In einer der Wohnungen mit Blick auf den Französischen Dom lebte bis zu ihrem frühen Tod Tamara Danz, die Sängerin der Rockband Silly. Es heißt, dass sie vor dem Einzug in den Neubau in einer Einraumwohnung, natürlich Altbau, in der Seelower Straße im Prenzlauer Berg hauste. Das Leben in der Edelplatte war nur wenigen vergönnt und gute Beziehungen zum SED-Politiker Günter Schabowski - der sich bei der Pressekonferenz im November 1989 verhaspelte - verhalfen ihr dazu.
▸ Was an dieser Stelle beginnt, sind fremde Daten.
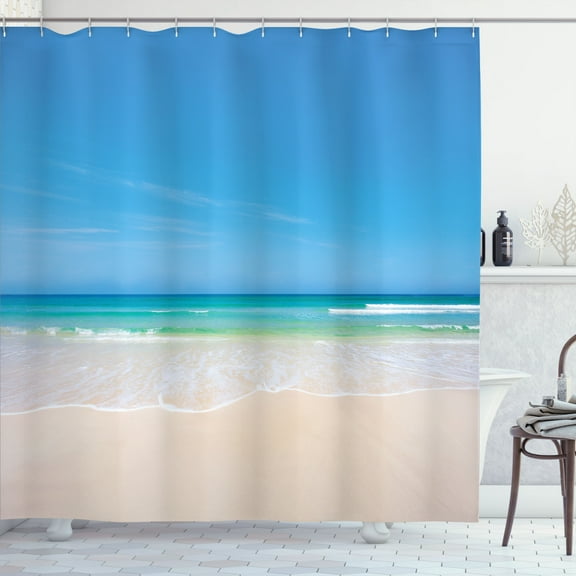 Ambesonne Nature Shower Curtain, Paradise Sunny Sky Scene, 69"Wx84"L, Cream Blue
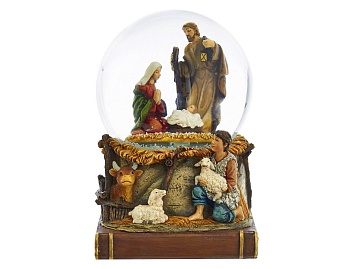 Музыкальный снежный шар "Святое семейство и пастушок", 10 см, Kurts Adler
Noch heute lebt ihr damaliger Lebensgefährte dort.
Auch Landeskonservator Rauhut sagt "dass 'Platte' nicht gleich 'Platte' ist"
Im Februar 2021 erhielt die Platzgestaltung der 1980er-Jahre die hohe Würdigung, nun unter Denkmalschutz zu stehen. Nicht nur die Gebäude auf und teilweise um den Platz herum, auch das Pflaster, Beleuchtungskörper, Bänke und sogar einige der Bäume fallen unter das vom Landesdenkmalamt Berlin verliehene Siegel.